Burrington Camp hillfort is one of three hillforts on the Northern Mendip Scarp. The others are Dolebury and Banwell. It is tempting to think of them as a network, however there is no evidence that all three were in use at the same time – in fact there is some doubt whether Burrington Camp was ever finished.

Burrington is roughly shaped like a playing card, and encloses approx. 2 acres. It has an unusual rampart extension on the South West corner and another smaller extension on the North-East. It also has a peculiar inner ditch, which prompted Arthur Hadrian Allcroft – an early investigator and impressively prolific Classical scholar – to compare it with monuments like Avebury.(1)

This might strike anyone with a passing acquaintance with prehistoric archaeology as an odd comparison to make, but this was 1908 – and the word ‘henge’ had not yet been selected as a descriptor for a non-defensive enclosure characterised by an internal bank and an external ditch – the precise opposite of the usual hillfort arrangement. By using Avebury as an analogue, Allcroft was referring to a common configuration, rather than any broader similarity.

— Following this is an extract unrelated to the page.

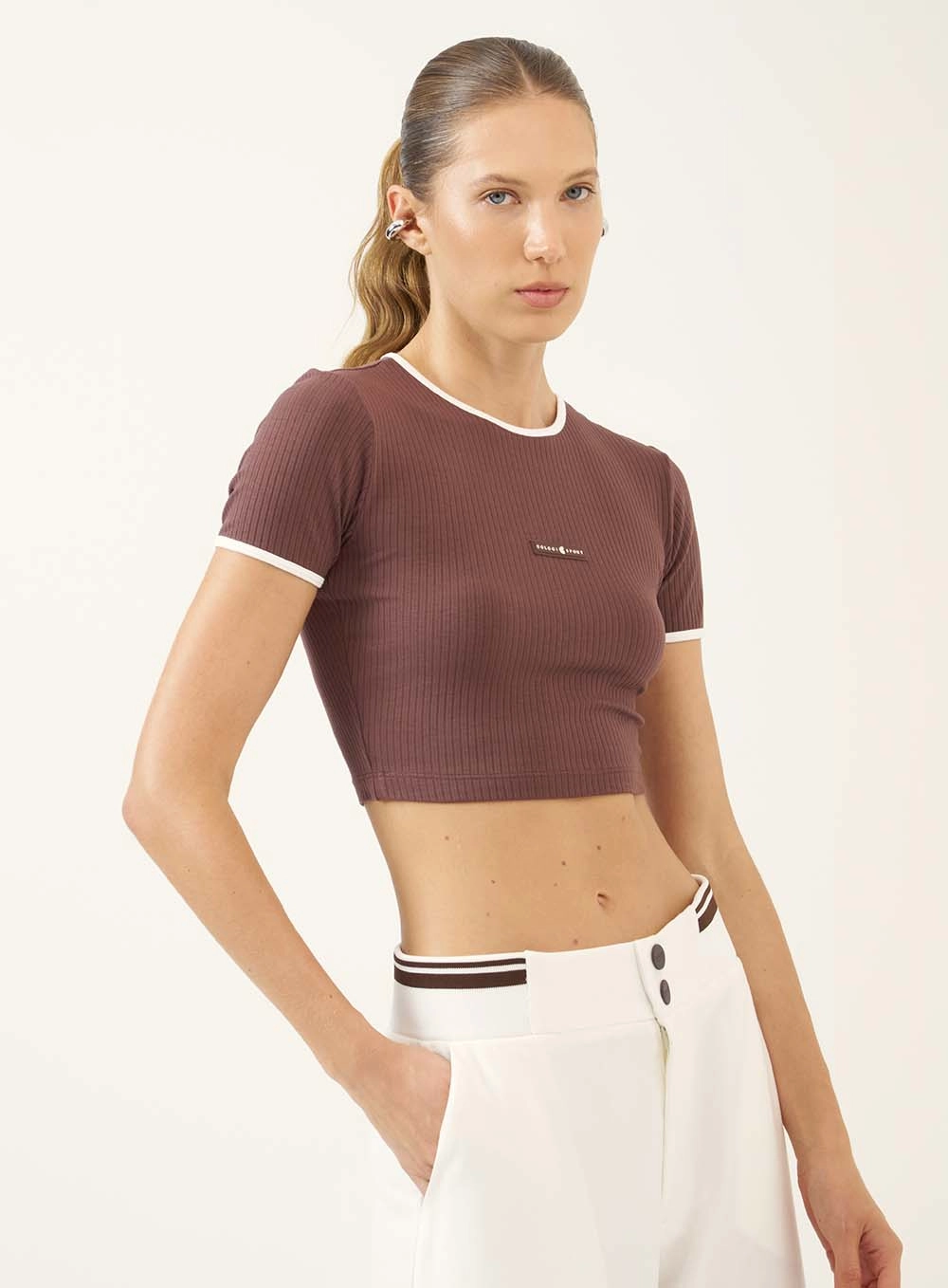 Blusa Cropped Ajustada Em Malha Canelada Marrom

The word ‘henge’, incidentally, was chosen in 1932 by Thomas Kendrick, a Director of the British Museum. For someone who had produced major works on prehistory, and was thoroughly intimate with the subject, it was a fabulously peculiar choice in that it almost entirely fails to describe the monument type it was selected to represent. And an internal ditch certainly is an odd feature if your intention is defence. By placing the ditch on the outside of the bank or rampart, you are forcing any attacker to increase a height disadvantage – however if you reverse the situation you are forcing the disadvantage on yourself.

If it was instead intended for livestock – to be used as a corral, situated as it is between high and low grazing grounds (and over which it has splendid views), then defence may not be such an issue. However an excavation and test pitting of the site discovered no human occupation layers (not a single artefact was uncovered), and no evidence of ground turbation by livestock. Tratman suggested that this enclosure was never finished – either because the threat that had prompted its construction had passed without incident, or overrun the builders before the work was complete.(2) Unfinished or otherwise, he refers to the defences as ‘feeble’, and indeed from all the sources, you generally get the impression that Burrington Camp is something of an oddity. Peter Ellis has noted a similarity in size and shape to the Roman ‘fortlet’ at Charterhouse.(3)

Location

OS map reference: ST 4780 5878. Nearest town/village: Burrington.

References:

1. Allcroft, Hadrian, Arthur (1908). Earthwork of England. Macmillan & co.

2. Tratman,E.K 1963. Archaeological Notes – Burrington Camp. UBSS Proceedings, 10(1) , pp 16-21

3. Ellis, Peter (1992). Mendip Hills AONB Archaeological Survey (PDF).